I do a lot of work with CSV files, and up to now I’ve been mostly doing clumsy stuff with standard text tools like “awk -F,” and the like. Here’s a roundup of some Unix command line tools for working with CSV files, lifted from One Thing Well
- xsv: slice, split, summary stats, etc. also supports creating a quick index to accelerate things. Seems pretty solid. Rust program, which is awfully weird, but he provides a Linux binary.
- csvkit: suite of programs for manipulating CSV. Includes import/export to JSON, Postgres, Excel, etc. Also has a SQL query via in-memory sqlite3. Python program.

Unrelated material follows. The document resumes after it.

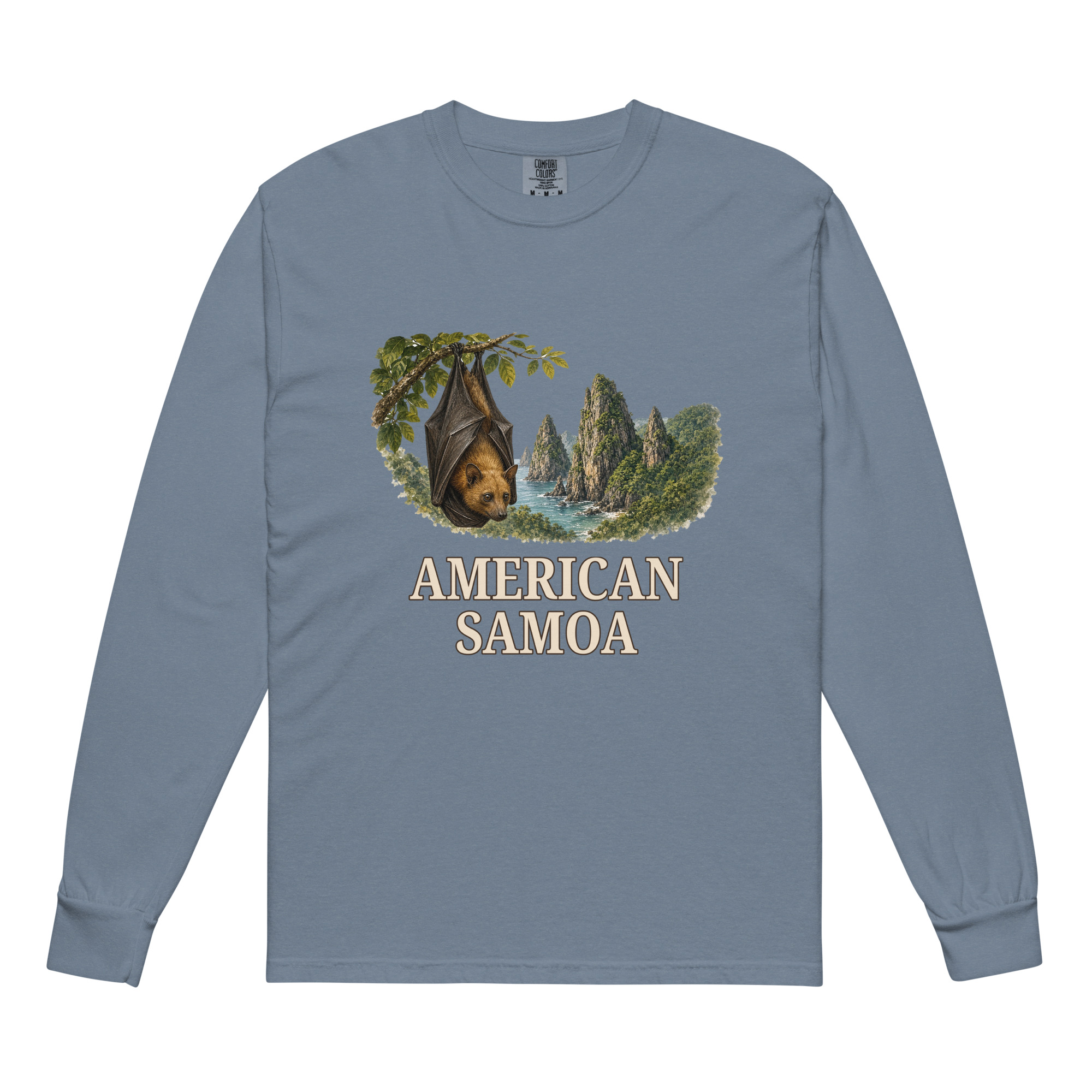 American Samoa National Park Long Sleeve - Image 4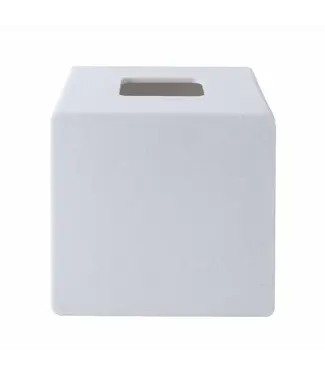 Kassatex Verbier Tissue Holder Ivory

- Miller: “like sed, awk, cut, join, and sort for name-indexed data such as CSV”. More limited queries than xsv or csvkit. But it embraces more input file types, including CSV files that change schema and arbitrary keyword/value data. Seems perfect for the “long list of JSON object” files I often work with. (Although no JSON support?!)
- csvfix: thin docs, another xsv-style tool. Has more operations than other tools.
- q: SQL queries on CSV files via sqlite. Python program.
- TextQL: SQL queries via sqlite. Go program.
- fsql: SQL queries via some Perl SQL implementation. Supports JSON and YAML.
I just tried xsv and it’s quite nice, may be the closest to what I need day to day. I’ve used q before and remember it working nicely, albeit a bit slowly. Arbitrary SQL is appealing.